GenerateSuiteIndexes task

This is a server-side task that generates Packages, Sources, and Release files (and their variants) for a debian:suite collection.

The task_data for this task may contain the following keys:

  • suite_collection (Single lookup, required): the debian:suite collection to operate on

  • generate_at (datetime, required): generate indexes for packages that were in the suite at this timestamp

The task searches for packages that were in the suite at the given time, builds the appropriate index files from them (setting Date in the Release file to the same timestamp as generate_at), and adds them to the collection. It sets the created_at fields of the new collection items to generate_at; if there are any index files in the collection that are not the most recent ones (which may include the ones that were just created!), then it sets removed_at to the timestamp when the next-newest index files were created.

Workflow update_suites

This workflow does whatever is needed to coordinate metadata updates for all archives in a workspace. Initially this will just involve generating basic indexes for each of the suites in those archives that have been changed, but later it may also generate supplementary files such as Contents-*.

The workflow operates on the workspace in which it was created.

  • task_data:

    • force_basic_indexes (boolean, defaults to False): if True, regenerate basic indexes (Packages, Sources, Release, and their variants) even if the state of the archive does not seem to have changed since they were last generated

For each suite in the workspace, if any collection items have been added or removed since its current indexes_generated_at value, it creates a GenerateSuiteIndexes task, with task data as follows:

  • suite_collection: the suite whose indexes should be generated

  • generate_at: the transaction timestamp at which the workflow orchestrator is being run (this needs special care to preserve idempotency, since any later runs of the same workflow orchestrator would have a different transaction timestamp)

To begin with, this workflow can just be run periodically, although that will not scale well to large numbers of suites. We should eventually have a mechanism where changes to a collection can trigger a workflow.

Todo

Future work is needed to sign Release files, and will need to be integrated into this task. That will probably involve creating a new sub-workflow that can deal with generating and signing indexes for a single suite. Once archives have been implemented, we may also want to group all the updates for suites in a given archive under a single sub-workflow.

Future work

This blueprint only covers the bare minimum needed to generate valid repository indexes, but real repositories often use more complex features. For instance:

  • Valid-Until can be supported by adding a field to the suite collection specifying the validity period. The workflow that decides which indexes need to be regenerated would additionally include all those whose validity period is nearly up in its search criteria.

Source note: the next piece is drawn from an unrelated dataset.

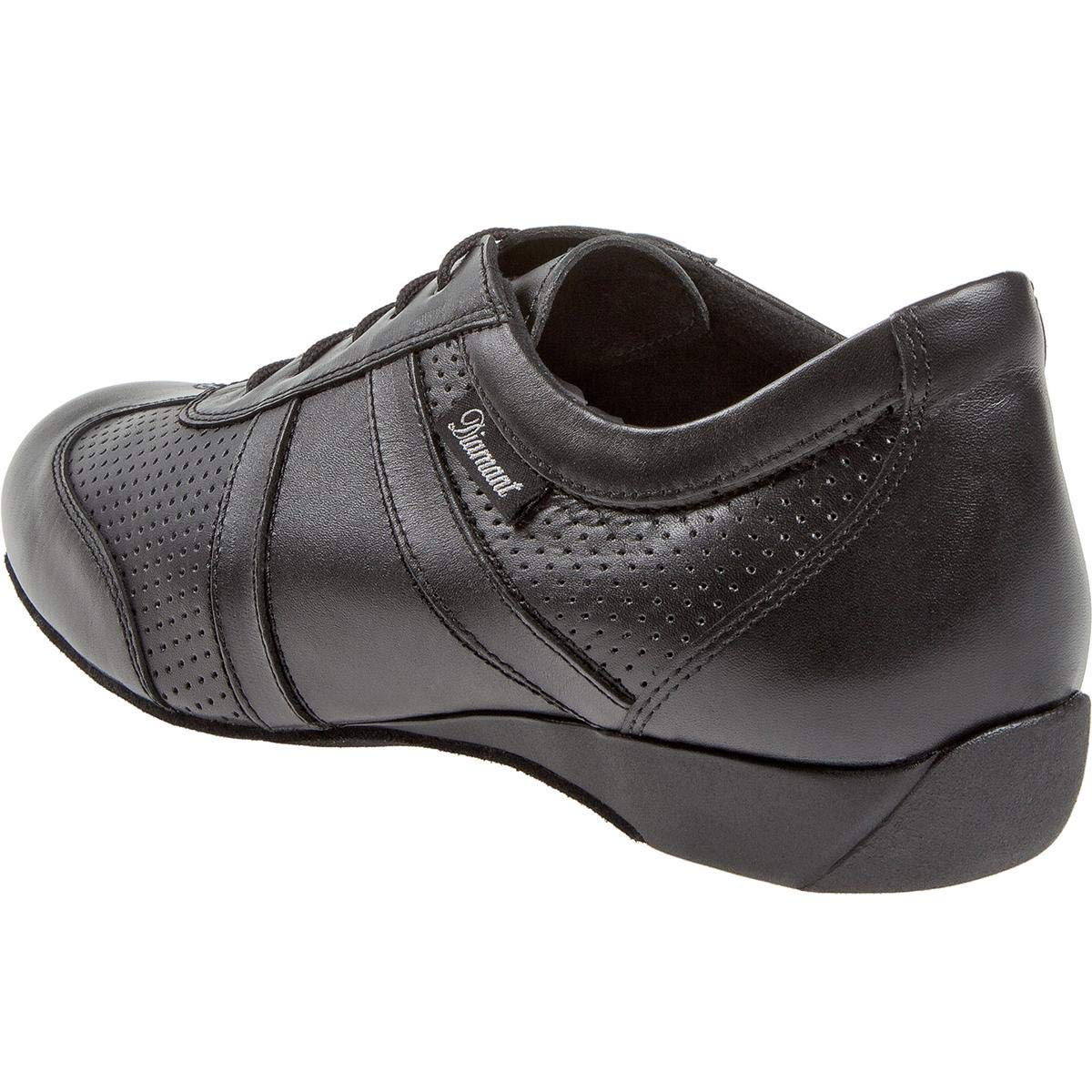 Diamant Uomini Ballroom Sneakers Pelle Nappa Nero 2,5 cm Zeppa Largo Made in Germany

  • Debian uses Extra-Source-Only: yes to indicate that a source package is only present in an index due to being referenced by a binary package in the suite (via Built-Using or Source). Debusine has all the necessary information about which source and binary packages are in the suite and how they relate to each other, so it can add this field when generating Sources files. (We may find that checking the relationships efficiently requires some additional database indexes.)